■ Extracted material ■

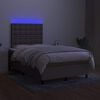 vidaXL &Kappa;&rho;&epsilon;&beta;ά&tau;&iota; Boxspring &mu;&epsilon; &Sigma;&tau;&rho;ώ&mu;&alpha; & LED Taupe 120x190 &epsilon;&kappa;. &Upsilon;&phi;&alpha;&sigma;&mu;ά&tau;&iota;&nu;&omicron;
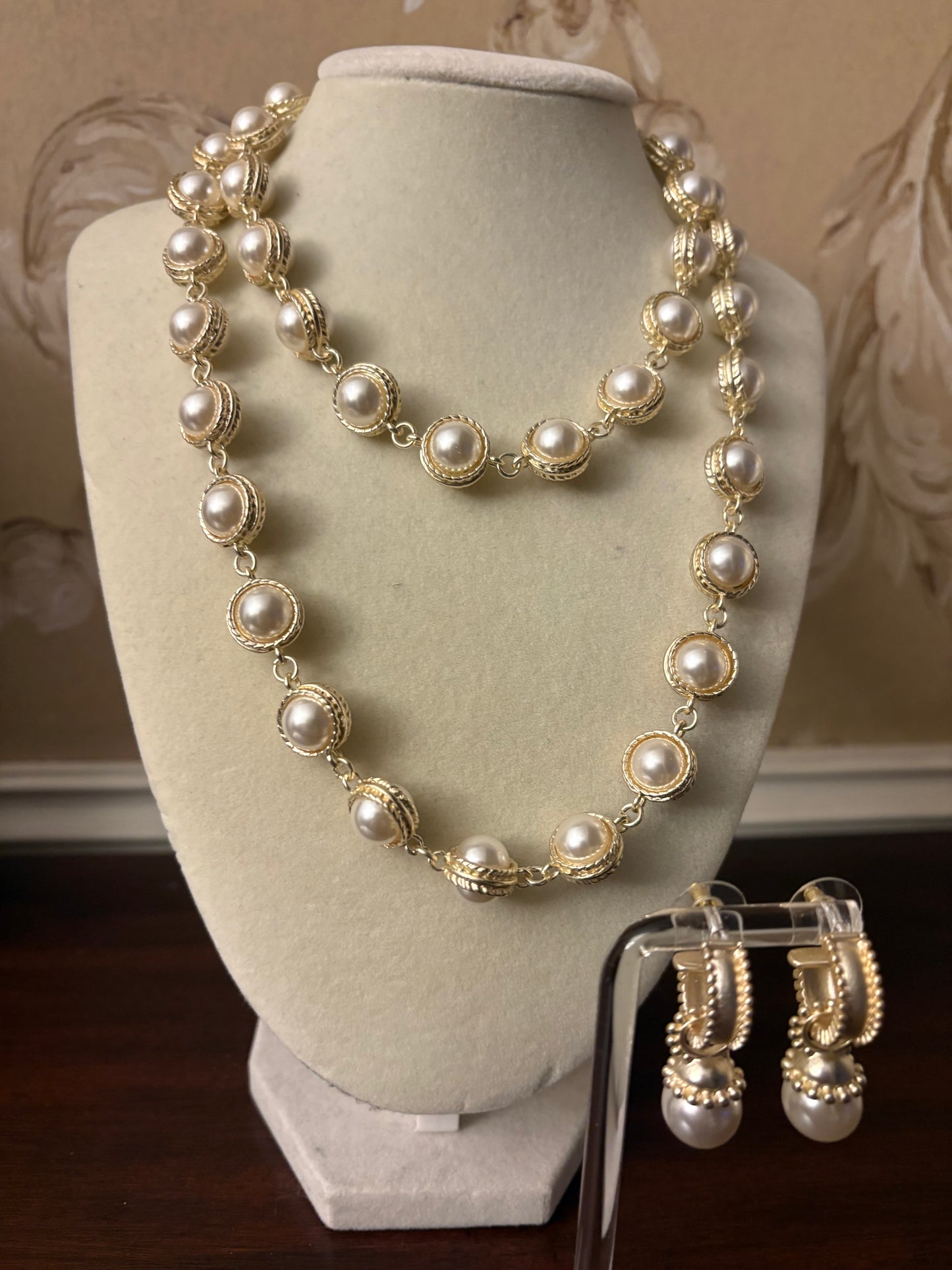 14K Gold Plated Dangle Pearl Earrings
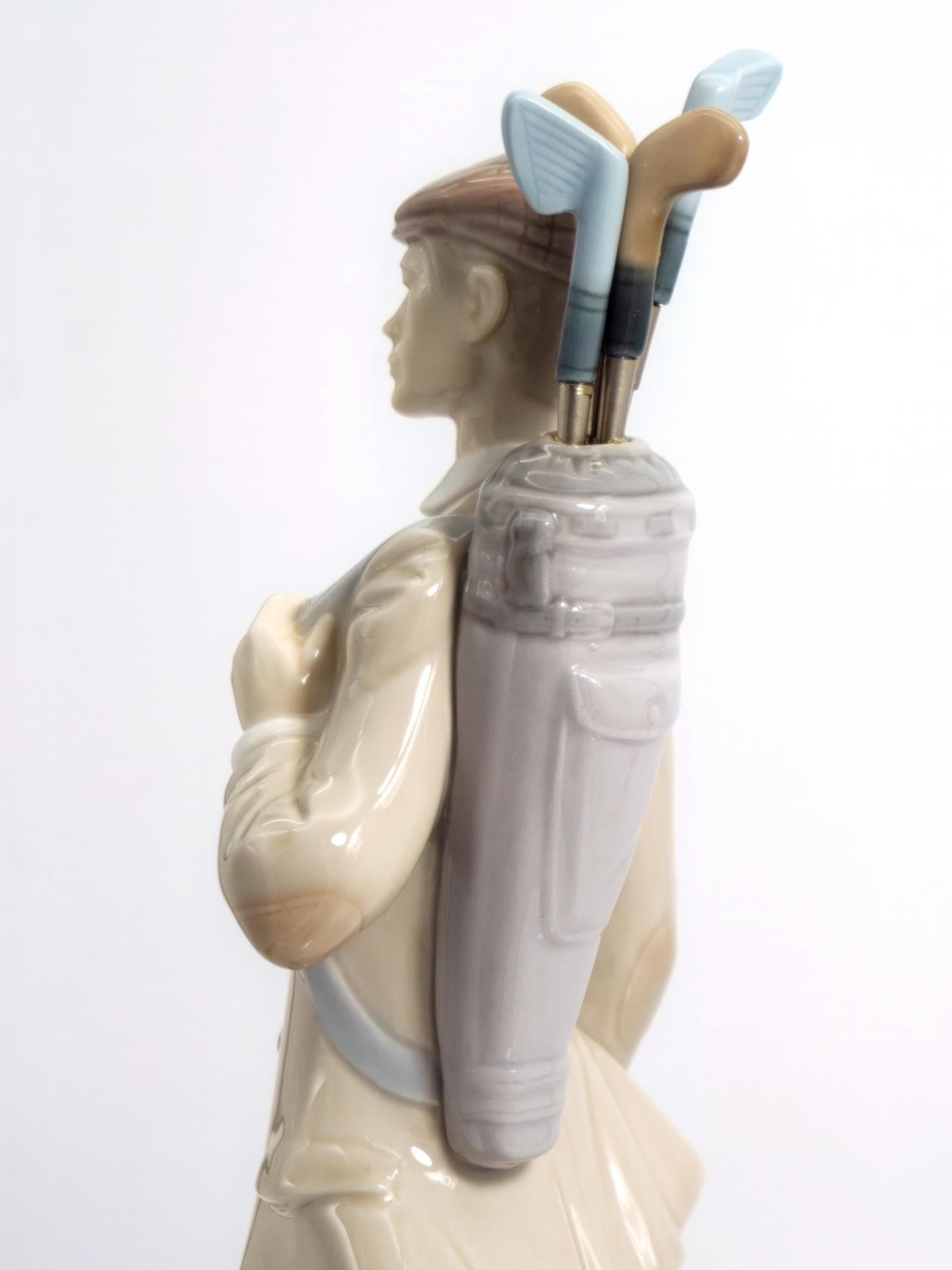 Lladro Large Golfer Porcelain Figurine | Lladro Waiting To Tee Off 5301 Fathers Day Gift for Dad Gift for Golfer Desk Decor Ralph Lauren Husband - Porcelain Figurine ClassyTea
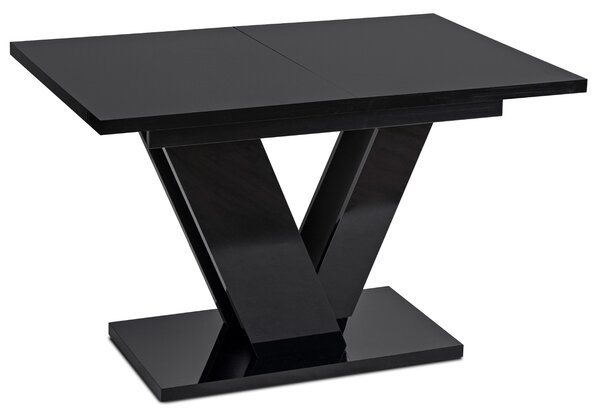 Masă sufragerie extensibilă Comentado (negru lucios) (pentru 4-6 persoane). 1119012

--

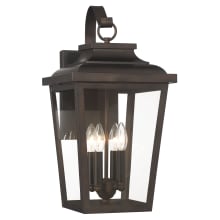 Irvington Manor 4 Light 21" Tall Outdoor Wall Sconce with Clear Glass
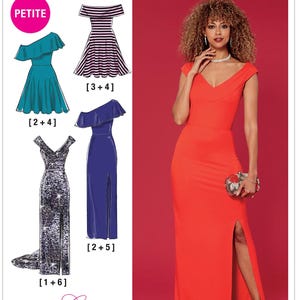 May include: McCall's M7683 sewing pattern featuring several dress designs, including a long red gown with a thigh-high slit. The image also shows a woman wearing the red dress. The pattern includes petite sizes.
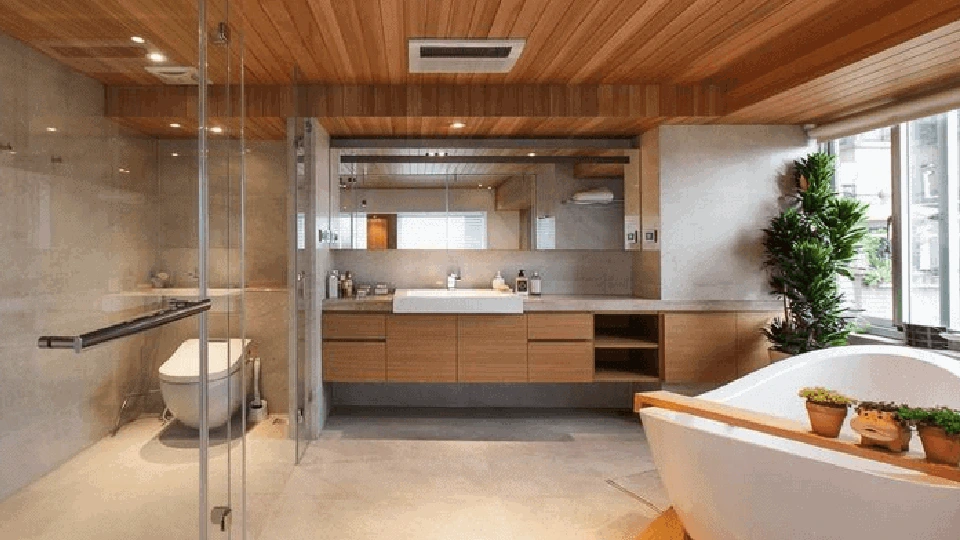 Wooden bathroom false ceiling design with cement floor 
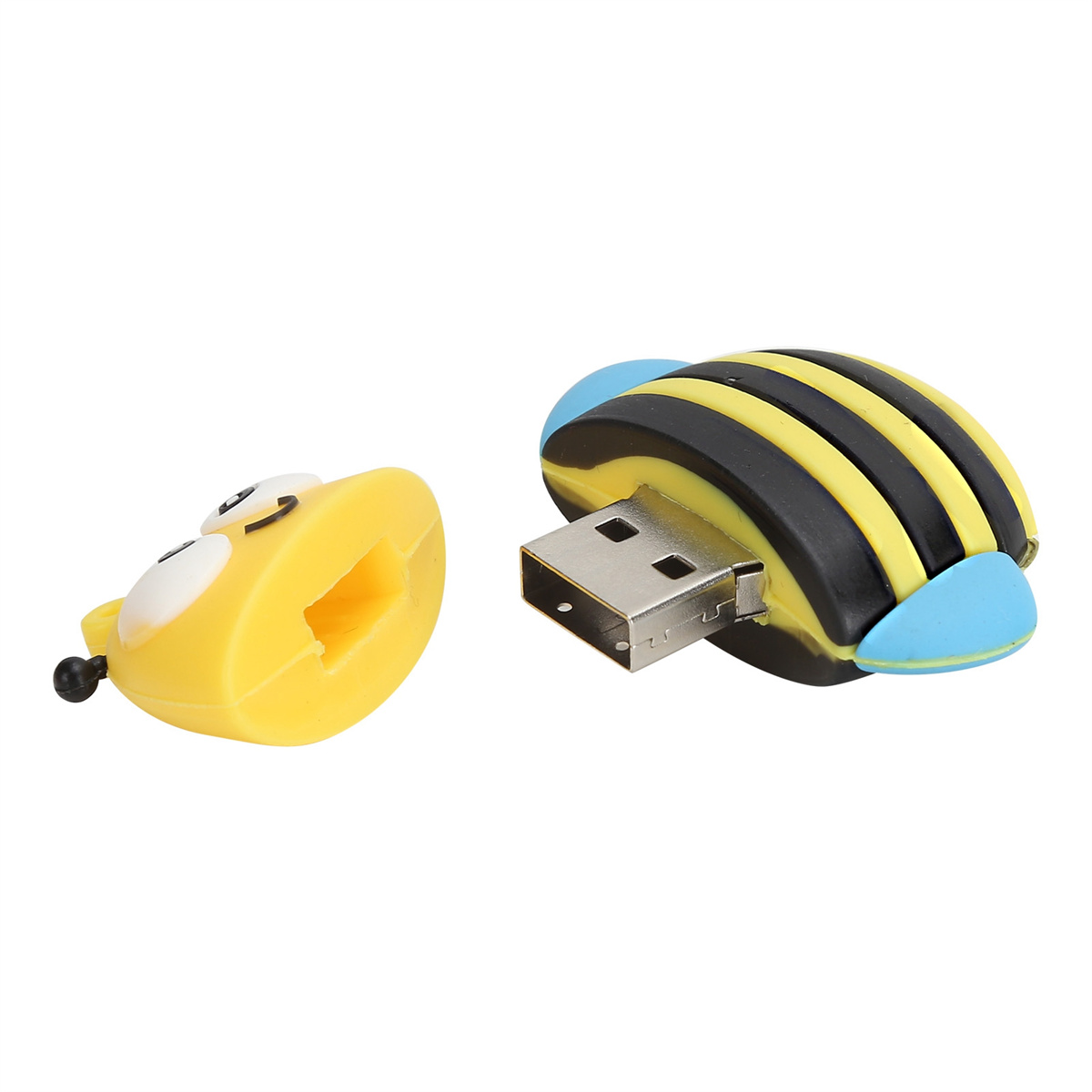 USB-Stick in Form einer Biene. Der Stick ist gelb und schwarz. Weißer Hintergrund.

■ Required work ■
From the records above, copy only the lines running from the line holding "14K Gold Plated Dangle Pearl Earrings" through the line holding "Masă sufragerie extensibilă", with no pictures.

■ Exercise result ■
 14K Gold Plated Dangle Pearl Earrings
 Lladro Large Golfer Porcelain Figurine | Lladro Waiting To Tee Off 5301 Fathers Day Gift for Dad Gift for Golfer Desk Decor Ralph Lauren Husband - Porcelain Figurine ClassyTea
 Masă sufragerie extensibilă Comentado (negru lucios) (pentru 4-6 persoane). 1119012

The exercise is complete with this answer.